Whole-transcriptome sequencing and analysis were performed using sorted KLRG1+ and KLRG1− CD8+ T cells from four strictly paired CHB patients. (A) Principal component analysis (PCA) of transcriptomic data (KLRG1 + = 4, KLRG1 − = 4). (B) Volcano plot (log10 P-values vs. log2 fold changes in expression) of transcripts differentially expressed in KLRG1+ CD8+ T cells and KLRG1− CD8+ T cells. sig, significant. (C) Gene Ontology (GO) and Kyoto Encyclopedia of Genes and Genomes (KEGG) analyses of the 1,947 differentially expressed genes (DEGs). (D) Heat map of genes representing apoptosis, cell cycle processes, and negative regulation of proliferation. (E) Enrichment of a previously published gene signature of CD8+ T cell exhaustion (described in ref. (36)) was assessed in KLRG1+ and KLRG1− CD8+ T cells from CHB patients by gene set enrichment analysis (GSEA). (F) Enrichment of a previously published gene signature of effector CD8+ T cells (described in ref. (37)) was assessed in KLRG1+ and KLRG1− CD8+ T cells from CHB patients by GSEA. NES, normalized enrichment score.
Fig 7.
The combination of sE-cadherin and KLRG1 antagonized the inhibitory effect of KLRG1+ CD8+ T cells on HBV replication.

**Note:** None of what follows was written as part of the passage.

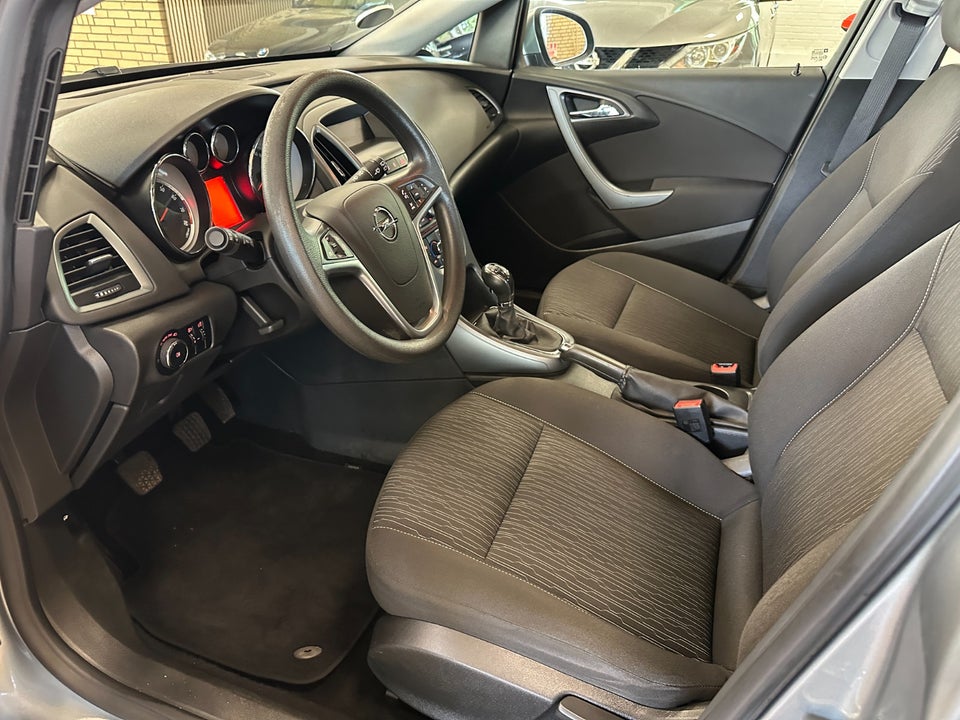 Opel Astra 1,4 T 140 Enjoy 5d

E-cadherin expression was higher in HepG2.2.15 cells than in HepG2 cells, as shown by the Western blotting (A) and immunofluorescence (B) results. (C) The representative histogram was produced using data from eight CHB patients. The results showed reduced IFN-γ secretion by global CD8+ T cells in the presence of sE-cadherin. *p < 0.05, paired Student’s t-test. (D) Effect of using siRNA to knockdown E-cadherin in HepG2.2.15 cells. Reduction in level of HBV core protein (E), HBV DNA in supernatant (F), and HBV DNA copies/cells (G) in HepG2.2.15 cells after co-culture with HBc18−27-stimulated PBMCs. Data are shown as mean ± SD, **p < 0.01, *p < 0.05, unpaired Student’s t-test.